All set to the blaring inanities of advertising jingles.

This is how our world ends; not with a bang, but with a Levitra commercial.

So, you ask; what now?

Well, as luck would have it, I currently live in a good part of the world. The Pacific Northwest has long been blessed by a mild climate and a spectacular coincidence of land and water. Our soils - when we stop paving them over - are marvelously fertile, our forests - when we can resist clearcutting them - wellsprings of life.

Oregon is a verdant mixture of city and farm, forest and desert, mountain and valley.

Although we have backcountry full of goobers, birthers, and inbreds, we have a surprisingly communal pack of freebooters and innovators here.
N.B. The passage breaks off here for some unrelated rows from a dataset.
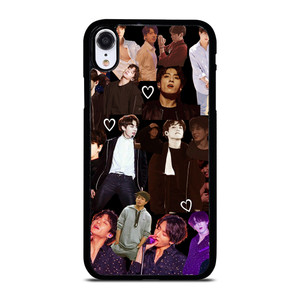 JUNGKOOK BTS BANGTAN BOYS COLLAGE 2 iPhone XR Case Cover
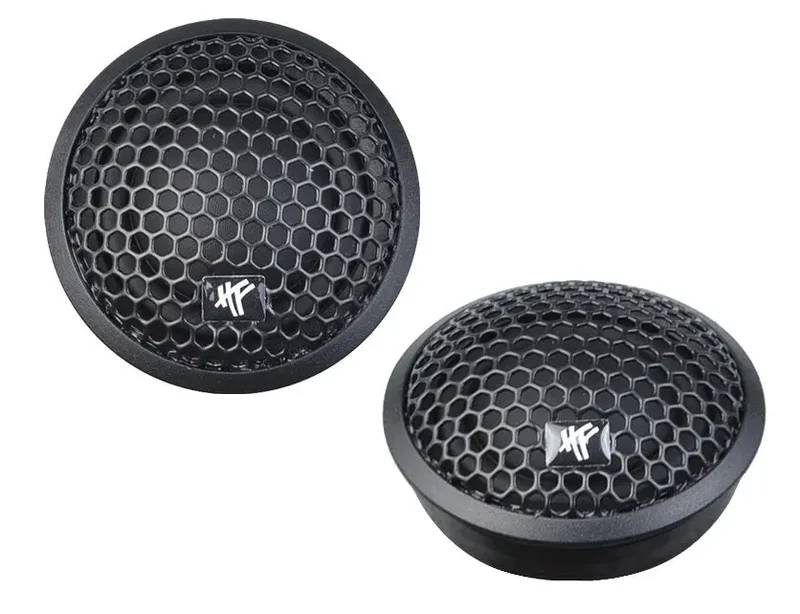 HIFONICS TRX6.2T - Tweeters 25 mm Neodymium 100 Watts RMS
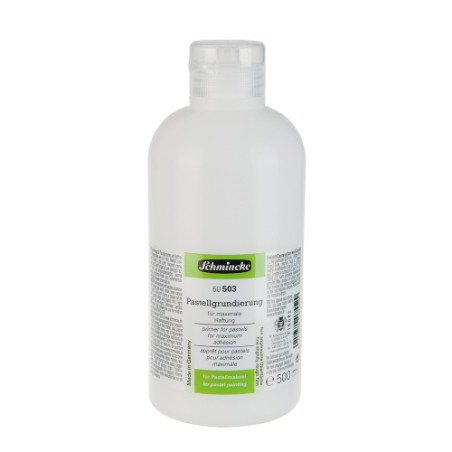 Schmincke pastellgrundierung grunt do pasteli 50503 500ml - sklep plas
If there is anyplace in the U.S. I have hope for it is here. We need to club our Teatards, and yes, we have them, like the rabid weasels they are. We need to quit sucking up to our malefactors of great wealth. But here, at least, is a place I have hope that I can make a difference.

And within this circle are even smaller ones that I can hope to keep the good and effect to change the wrong; my community of St. Johns, my children's school, my city of Portland.

I don't pretend that I can shelter all of these inner circles from the storms that rage outside. We have more than our share of fools that are raptured by the foolery on the Big Stage; we cannot cut off the television or the radio and still the voices of the infotainment buffoonery that we've embraced as a nation.

But we can reply with our own brand of commonsense. We - I - can hope to make here some sort of sane alternative to the ignorance and fatuity of the nation at large. In my children I can hope to instill some degree of sense as well, enough, I hope, that they will see the world and its lunacies with the eyes of compassion...but of clarity, as well, and of unsparing honesty.

So while I have the wisdom to know what I cannot change, I hope I have the strength to change what I can, here, within the shadow of my own fir tree and the sun that shines down upon my home.